Monday, 5 January 2009

January Meeting

The January meeting of the Book Circle & Pudding Club will be on Wednesday 7th January

Sunday, 7 December 2008

The Shack

The Shack tells the story of a man whose young daughter is murdered and who, four years later, receives a note, apparently from God, inviting him back to the shack where his daughter’s blood had been discovered. He encounters God in the form of a larger-than-life Afro-Caribbean woman.

Mackenzie (Mack) Allen Philip’s, an ordinary American, though one with a painful past of his own, decides one weekend to take his kids on a camping trip in the mountains of Oregon. Nothing unusual – just a fun filled weekend of campfires, hiking, canoeing and enjoying the great outdoors. Until tragedy strikes in the most unexpected way. Mack’s two older kids are out canoeing when they lose control and the canoe flips over.
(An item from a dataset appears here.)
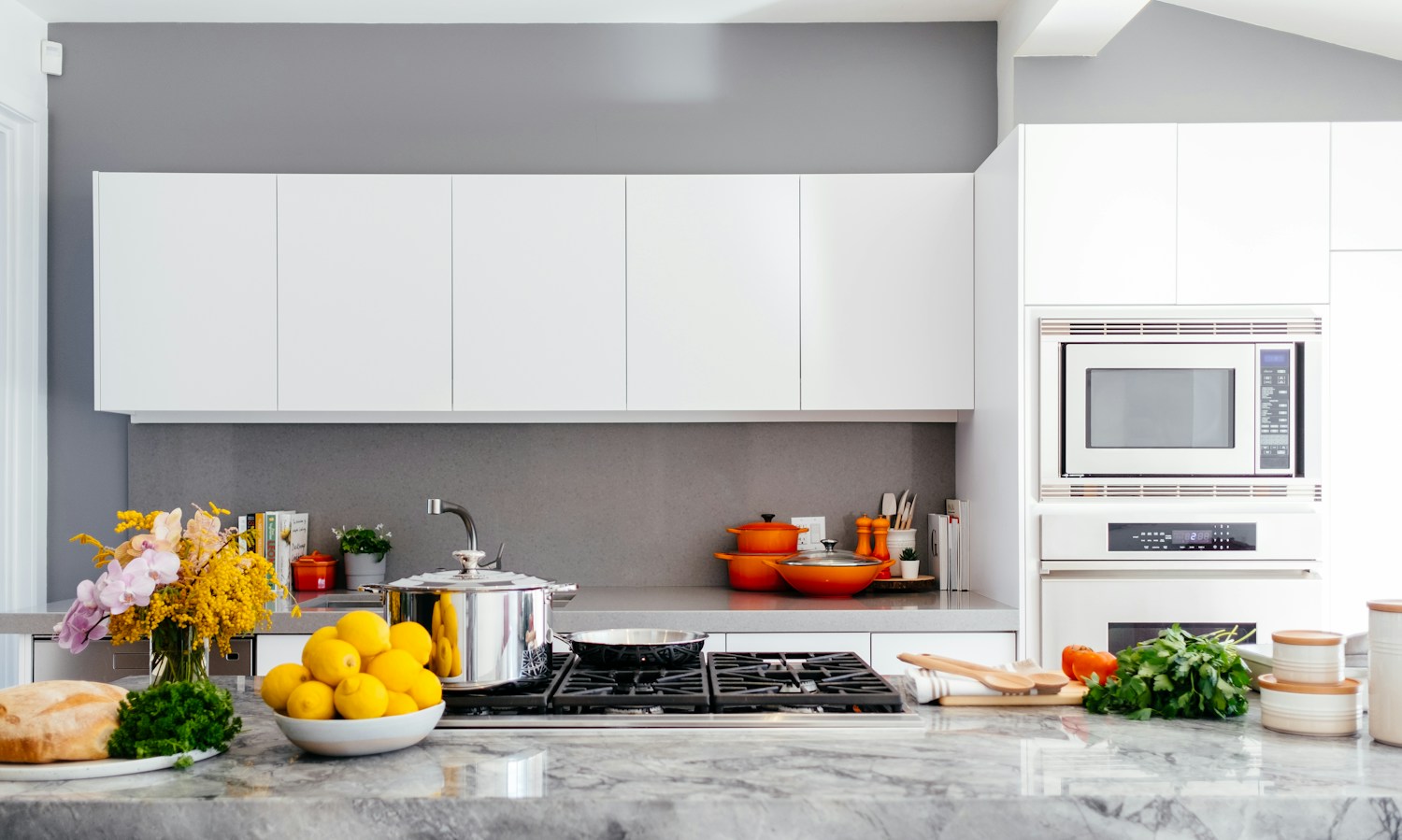 A kitchen with everyday cooking tools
The reader naturally expects that one or both of them drowns, but Mack succeeds in saving them. Yet while his attention is focused on saving them, a serial killer abducts his younger daughter Missy. As the search progresses, the dress she had been wearing is found torn and bloodied in a Shack, high up in the mountains, implying that she has been murdered.

The shack is a metaphor for “the house inside a human being”, he said, “the place of a soul that gets damaged and twisted by what happens to you”. It is the inner dark place in which people store their hurt, their lies, their addictions and their secrets from the outside world.

William P Young’s The Shack has become a publishing phenomenon in America, and the book is now into its 14th print-run.